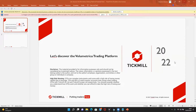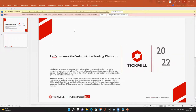Hello everybody, good evening and welcome to this last appointment in the series of webinars 'Let's Discover the Volumetric Trading Platform.' I'm showing you the disclaimer. Today we will be talking about the final part of the entire list of topics we have covered over these 10 weeks.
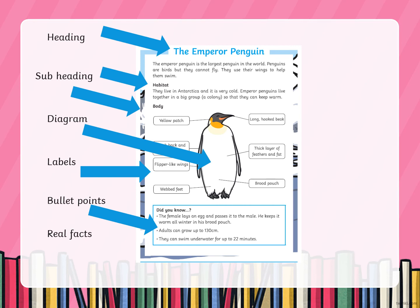And then at the bottom it says 'real facts.' I have not put an arrow to that because all over the page we've got real facts. At the top it says: 'The emperor penguin is the largest penguin in the world. Penguins are birds but they cannot fly — they use their wings to help them swim.' That's like a little introduction to the writing, and you find that a lot in non-fiction texts. Then under the sub-heading 'Habitat': 'They live in Antarctica and it is very cold. Emperor penguins live together in a big group called a colony so that they can keep warm.' Those are all real facts — it's giving you information, the bits and pieces you wanted when you decided to read about emperor penguins.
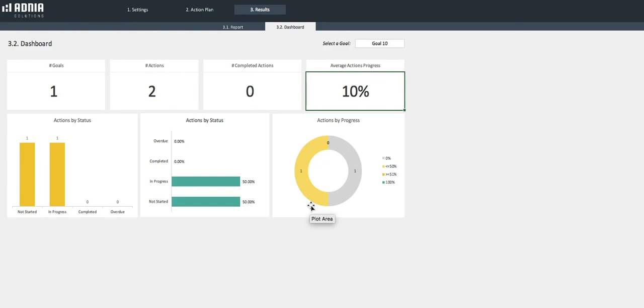That's it. You know everything you need to know about our Action Plan Excel template, and you're ready to start using it now.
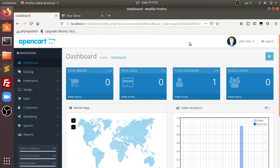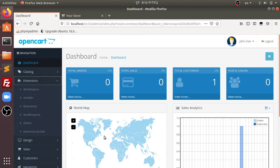Assalamu alaikum. Welcome to the Extension Builder plugin, a plugin intended for the OpenCart developer who used to develop a shipping extension or payment extension regularly and had to do some tedious tasks in order to develop it. If I want to develop a shipping extension, I may have to create 25 files and make changes into all those files just to get it up and running. So this Extension Builder does this job for you.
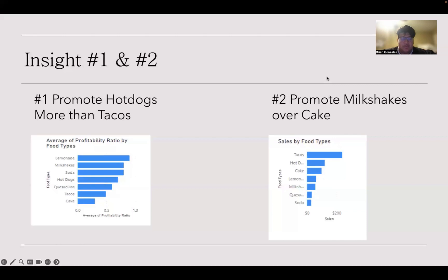So the first insight that we have — insights number one and two — they're both going to be based on promoting higher profitable items rather than less profitable items. For example, when looking at insight number one, the goal would be to promote hot dogs over tacos. The reason why is because you could save an extra 20% on product costs just by promoting the hot dogs over tacos.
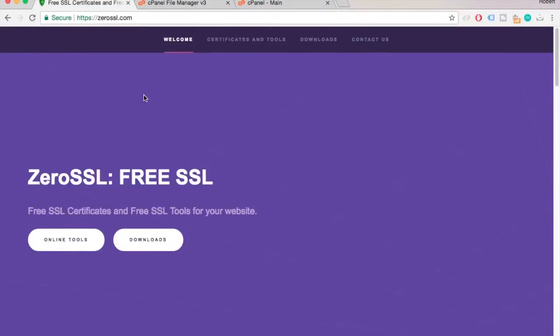Hello Internet people! In this video I'll show you how to renew your Let's Encrypt SSL Certificate in cPanel and I'll be using ZeroSSL online tool.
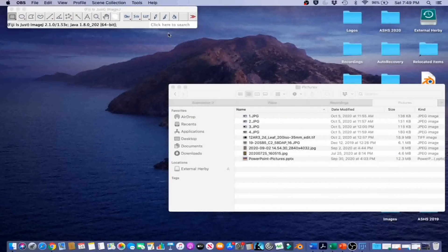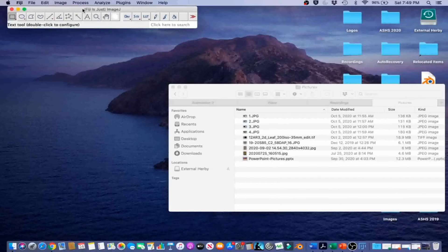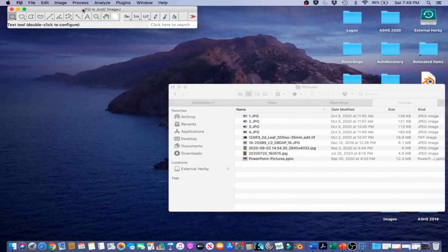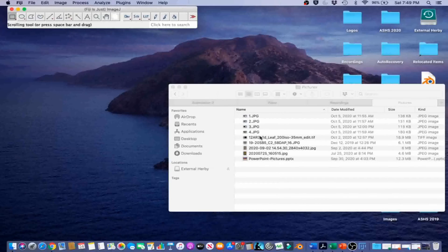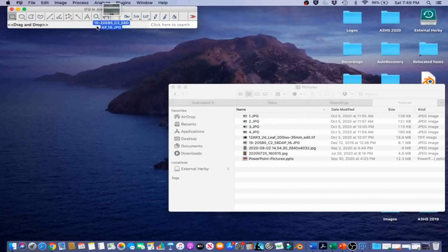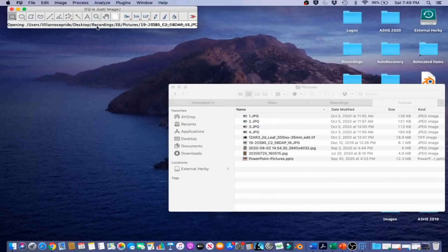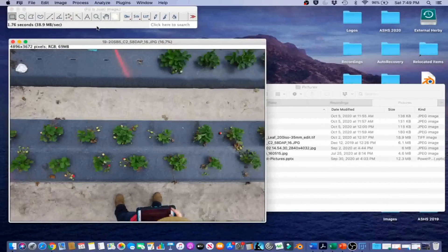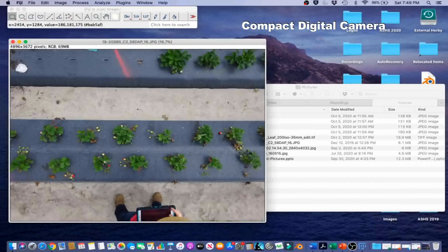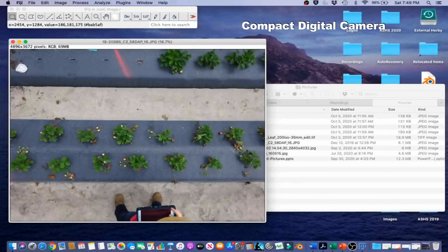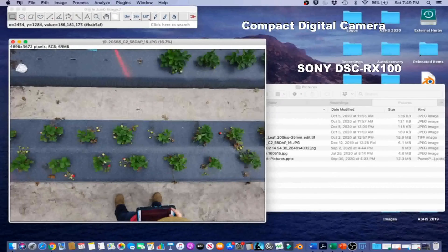For this example, we're going to use the Fiji version of ImageJ to count the number of strawberry fruits and flowers in a photograph of strawberry plants in the field. You will import the image by dragging the image onto the ImageJ graphical user interface. This photograph was taken using a compact digital camera, in this case a Sony DSC RX100, in the middle of a cloudy day.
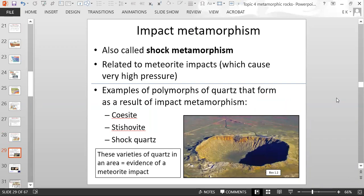Impact metamorphism, also called shock metamorphism, is related to meteorite impacts. When a meteorite hits the Earth it causes very high pressure. Examples of polymorphs of quartz that form as a result of impact metamorphism include coesite, stishovite, and shock quartz.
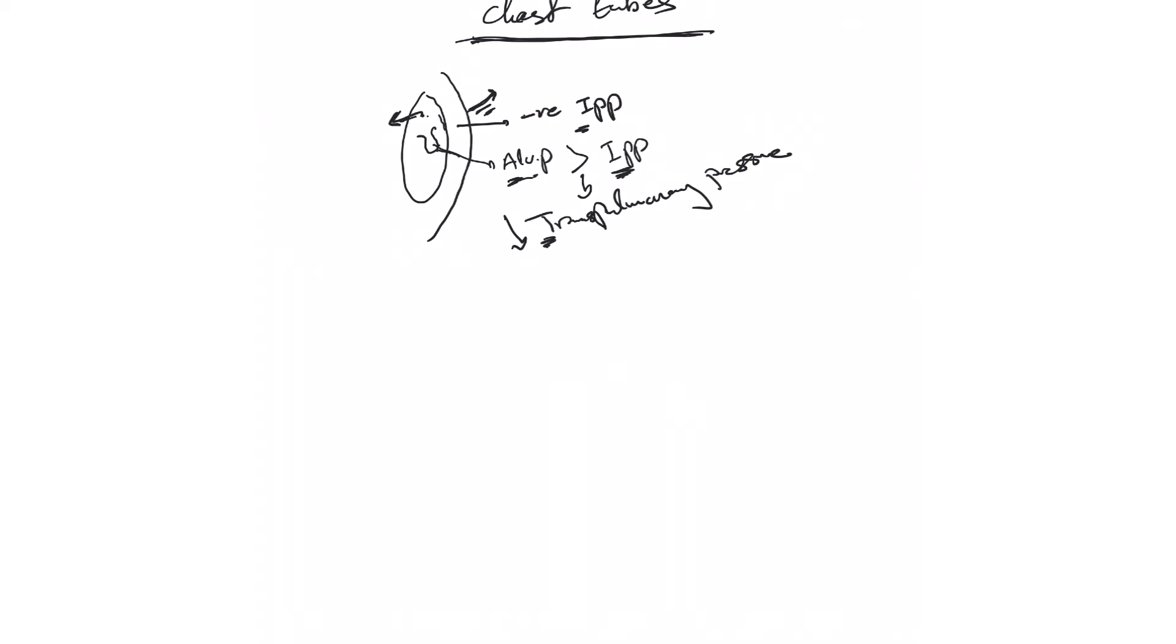This may lead to lung collapse because the gradient is disappearing. What are things that can increase intrapleural pressure?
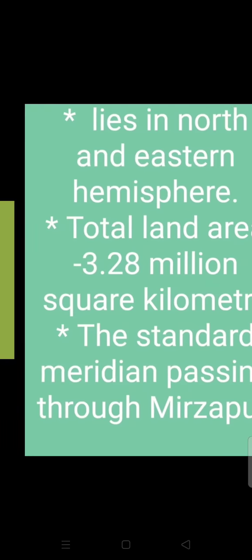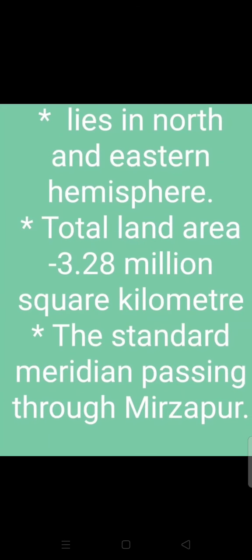Hello students, in today's geography revision video we will revise Chapter 1 of Geography: India — Location and Size. Firstly, we will revise the location and size. India is a vast country and it lies completely in the northern and eastern hemisphere.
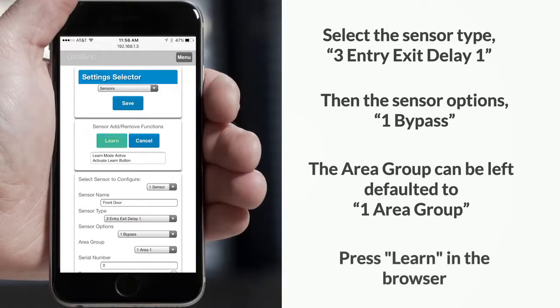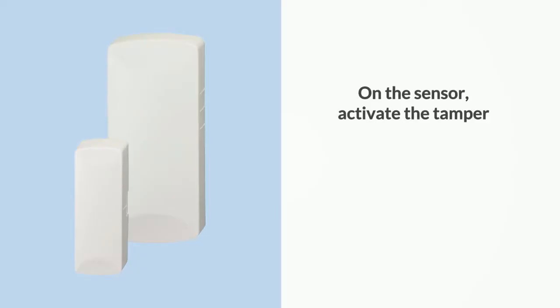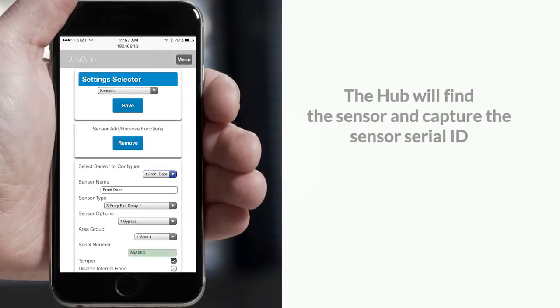Press learn in the browser. Then on the sensor, activate the tamper. Consult the sensor installation guide for directions on how to do this. The hub will find the sensor and capture the sensor serial ID.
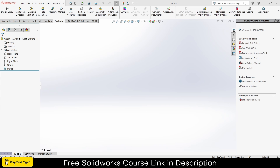Namaste guys, in this video we are going to learn how to make rack and pinion in SOLIDWORKS with the correct approach. We will also do the animation part and learn thoroughly, so let's start.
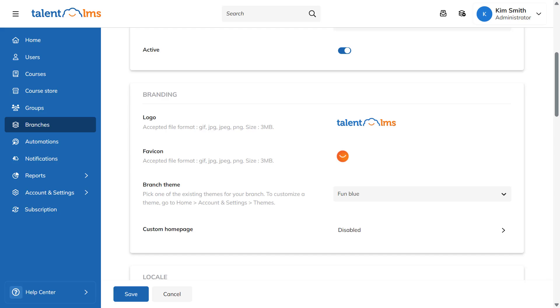Talent LMS's customization allows you to make the most out of your training portal by tailoring it to your organization's needs.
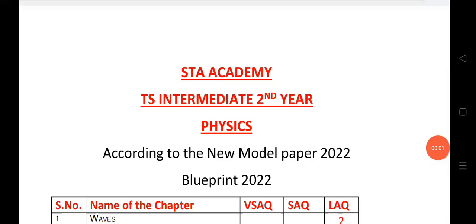Welcome to STA Academy. Today we are going to discuss the TS Intermediate Second Year Physics blueprint for the year 2022.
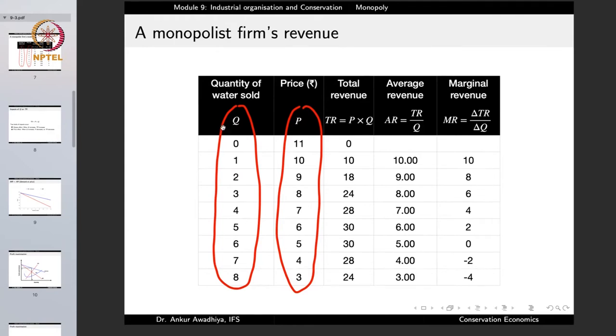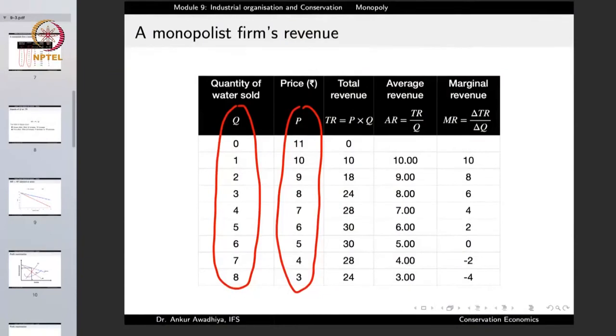When the price is 3 rupees per litre, 8 litres of water are sold per hour. If the monopolist increases the price from 3 to 4, a lesser quantity gets sold. As he increases it to 5, 6, 7, 8, 9, progressively lesser quantity of water gets sold. This is because the monopoly firm faces the market demand curve — when the monopolist increases the price, lesser quantity is sold. The total revenue TR is given as P × Q. When the price is 11, revenue is 11 × 0 = 0 rupees. When the price is 10, only 1 litre is sold, so 10 × 1 = 10 rupees total revenue. When the price is 9, then 9 × 2 = 18, and so on.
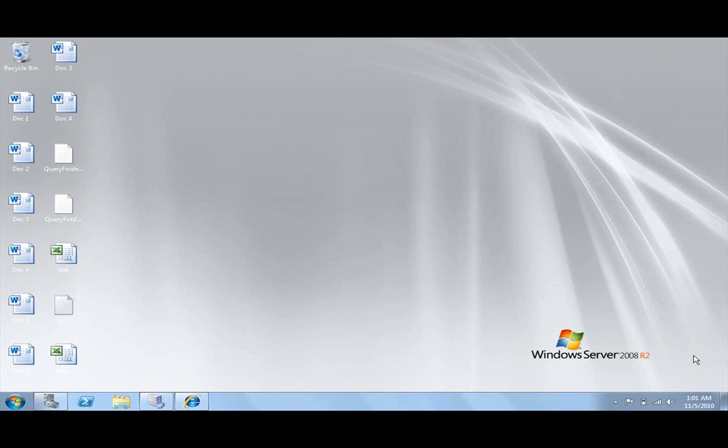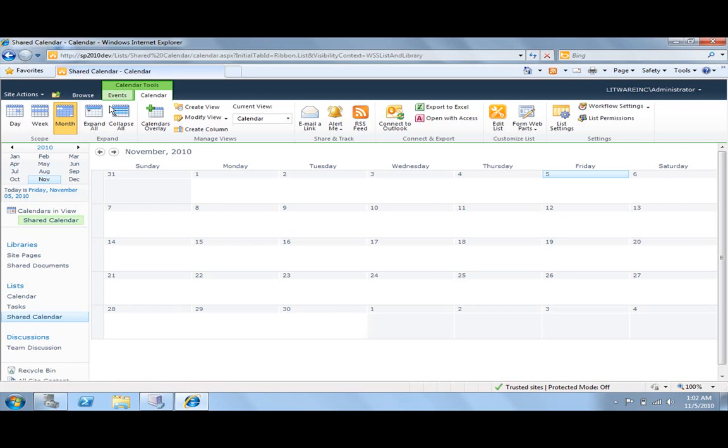What we are going to do right now is show how we can import Exchange events or shared calendars into SharePoint 2010. So here I have my SharePoint 2010 site and I have a shared calendar list here.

..............................

**WORK REQUIRED**
Please output an exact repetition of the lines from the line containing "When the price is 3" to the end of the records, both included, with no pictures and no additional text.

**ANSWER BELOW**
When the price is 3 rupees per litre, 8 litres of water are sold per hour. If the monopolist increases the price from 3 to 4, a lesser quantity gets sold. As he increases it to 5, 6, 7, 8, 9, progressively lesser quantity of water gets sold. This is because the monopoly firm faces the market demand curve — when the monopolist increases the price, lesser quantity is sold. The total revenue TR is given as P × Q. When the price is 11, revenue is 11 × 0 = 0 rupees. When the price is 10, only 1 litre is sold, so 10 × 1 = 10 rupees total revenue. When the price is 9, then 9 × 2 = 18, and so on.
What we are going to do right now is show how we can import Exchange events or shared calendars into SharePoint 2010. So here I have my SharePoint 2010 site and I have a shared calendar list here.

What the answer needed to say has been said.